- WHAT IS NEEDED: The lines to reproduce from the material below are those from the one containing "Dinosaur-bone-7.87-a-ct.jpg" through the one containing "spine printable 3D Print Model", both included; write them out exactly and add nothing.

- RECORDS PROVIDED:

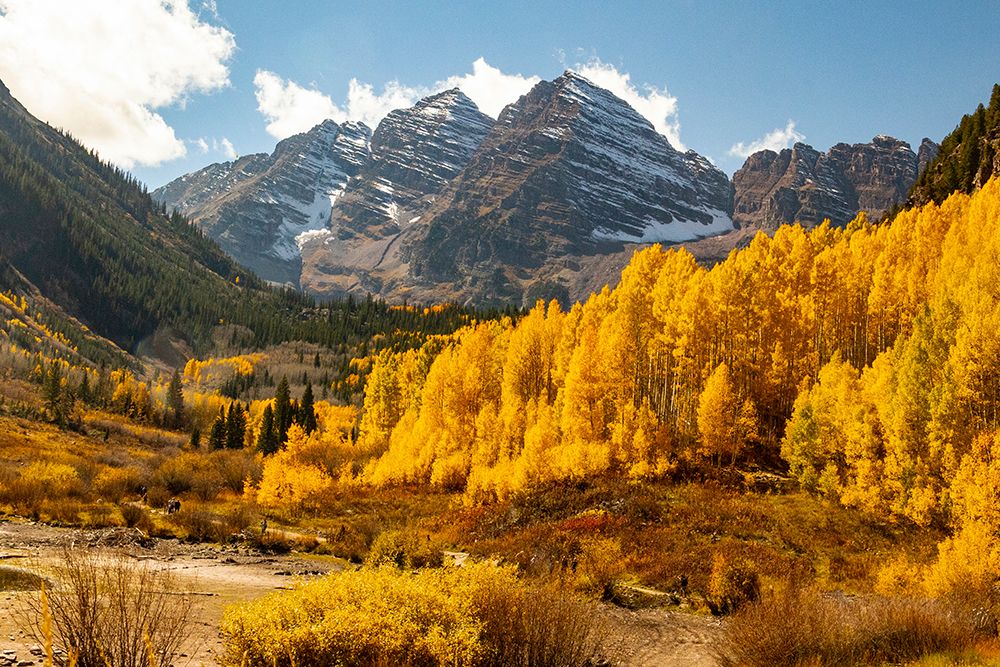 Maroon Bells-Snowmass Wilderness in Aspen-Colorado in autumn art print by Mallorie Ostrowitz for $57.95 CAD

...

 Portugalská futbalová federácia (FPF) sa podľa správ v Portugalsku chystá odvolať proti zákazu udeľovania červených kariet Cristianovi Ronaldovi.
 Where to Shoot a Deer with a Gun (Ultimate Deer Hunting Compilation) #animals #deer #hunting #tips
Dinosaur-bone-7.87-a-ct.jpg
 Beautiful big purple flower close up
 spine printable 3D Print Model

* * *

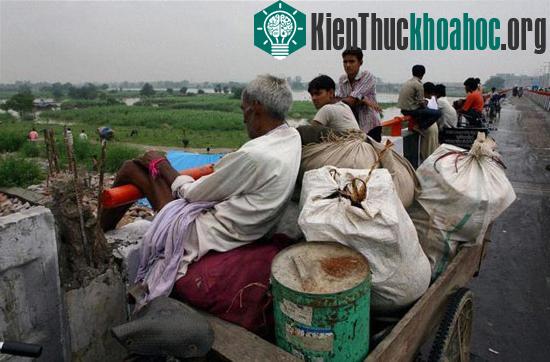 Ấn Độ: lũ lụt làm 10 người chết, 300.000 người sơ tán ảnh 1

- EXERCISE RESPONSE:
Dinosaur-bone-7.87-a-ct.jpg
 Beautiful big purple flower close up
 spine printable 3D Print Model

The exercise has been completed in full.